Did you know that agriculture is the biggest industry worldwide? In the United States alone, there are over 2 million farms! That’s a lot of farms!
And while in the United States the number of large production farms is on the decline, lifestyle farming is on the rise. Over half of all the farms in the United States are hobby farms. In fact, 88% of all farms in the United States are small family farms. And in Pennsylvania alone, 90% to 95% of all farms are considered small farms.
Whether large or small, if you own a farm, you want to know that if something happens your farm is covered!
As an insurance agent in the heart of Southwestern Pennsylvania, I have the opportunity to write farm insurance policies quite often. And often I get questions about what is (or isn’t) covered in each policy? That’s usually followed up with, “How much is this going to cost?”
To give you a broad understanding of the various coverages and costs associated with this type of policy, I’ve written this article. In it you will learn:
- The 8 Most Common Coverages on a Farm Insurance Policy
- Additional Coverages That May Be Needed to Protect Your Farm
- How Much Farm Insurance Will Cost
- And Cautionary Statements to Make Sure You’re Well-Covered
So, get settled into a comfy chair, and let’s dive into this topic together!
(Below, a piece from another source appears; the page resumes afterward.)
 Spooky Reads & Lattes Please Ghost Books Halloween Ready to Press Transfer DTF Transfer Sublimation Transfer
8 Most Common Farm Insurance Coverages
Farm insurance is incredibly comprehensive! Your home, other outbuildings and structures, farm equipment, animals, and crop protection are all covered on one policy.
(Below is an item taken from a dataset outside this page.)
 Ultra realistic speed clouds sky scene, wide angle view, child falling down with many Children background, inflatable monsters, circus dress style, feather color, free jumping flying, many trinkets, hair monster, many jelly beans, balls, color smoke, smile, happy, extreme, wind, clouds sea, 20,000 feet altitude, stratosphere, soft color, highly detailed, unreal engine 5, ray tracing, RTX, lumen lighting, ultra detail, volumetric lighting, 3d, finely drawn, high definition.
1. Property or Home Coverage
Some larger commercial farms may not have the traditional farmhouse on the property, but if you live in a home on your farm property that dwelling will be listed on your farm insurance. You do not need a separate homeowner’s policy to cover your home.
Your farm insurance may cover the fair replacement cost of your home. For instance, if you lose your home to a fire, your policy, in most cases will pay out what it costs to replace your house.
To determine the coverage you need on your property coverage, the insurance company will need a lot of information about your home including:
- Square footage
- Number of stories
- Year of construction
- Frame or brick construction
- Basement (finished or unfinished)
- Flooring (ceramic tiles, laminates, hardwood, etc.)
- Walls (painted, papered, or paneled)
- Custom features in your home
- Type of heat
- Porches, decks, patios
- Detached garage/attached garage
2. Personal Property
Just like with a typical homeowners policy, your farm insurance will also cover any personal property in your home and on your porch or deck.
You can think of personal property in this way. Imagine taking your house, turning it upside down, and giving it a good shake. Anything that would fall out of your house is your personal property.
To determine the amount of coverage you need for personal property depends on the carrier. In general, all insurance companies set these limits off of a percentage of the replacement cost of the dwelling.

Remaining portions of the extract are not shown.